Given data
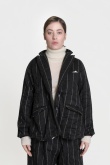 Marc Point giacca drappeggio
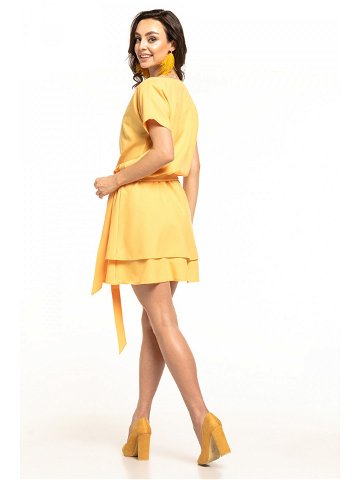 Denní šaty model 17335949 – Tessita Velikost M-38 Barvy Žlutá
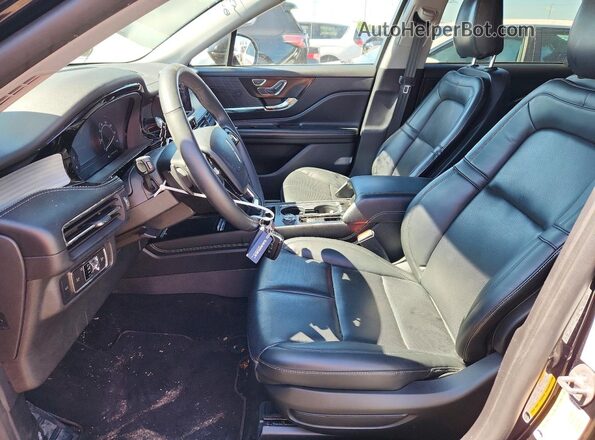 5LMCJ1C91NUL31298 2022 LINCOLN CORSAIR Black Front interior view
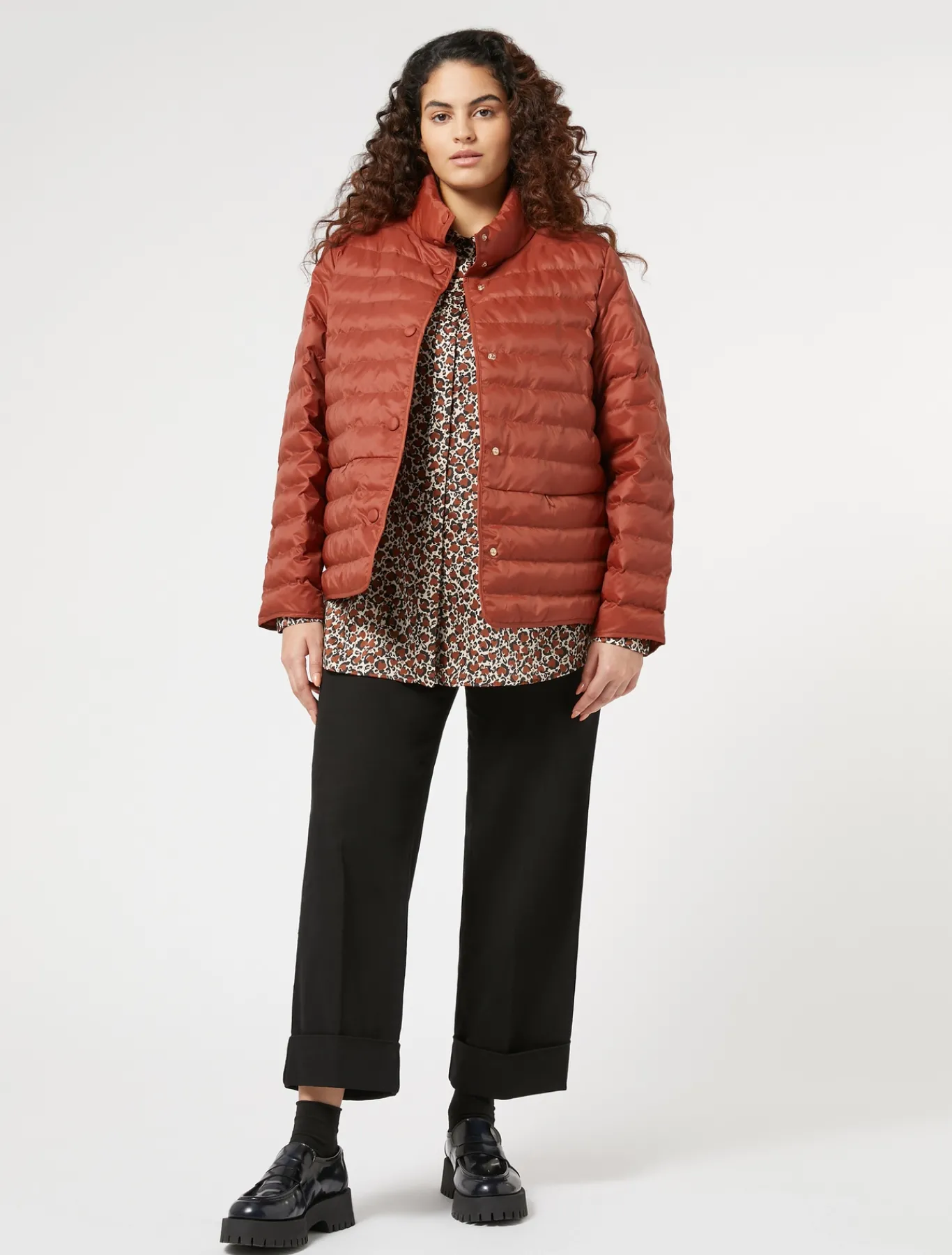 Marina Rinaldi Pantaloni & Jeans | Pantaloni & Jeans*Pantaloni in bull di cotone stretch NERO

Exercise prompt
Your job is to restate, word for word, only the lines from the one holding "5LMCJ1C91NUL31298 2022 LINCOLN" through the end of the material; pictures stay out.

Answer to the exercise
 5LMCJ1C91NUL31298 2022 LINCOLN CORSAIR Black Front interior view
 Marina Rinaldi Pantaloni & Jeans | Pantaloni & Jeans*Pantaloni in bull di cotone stretch NERO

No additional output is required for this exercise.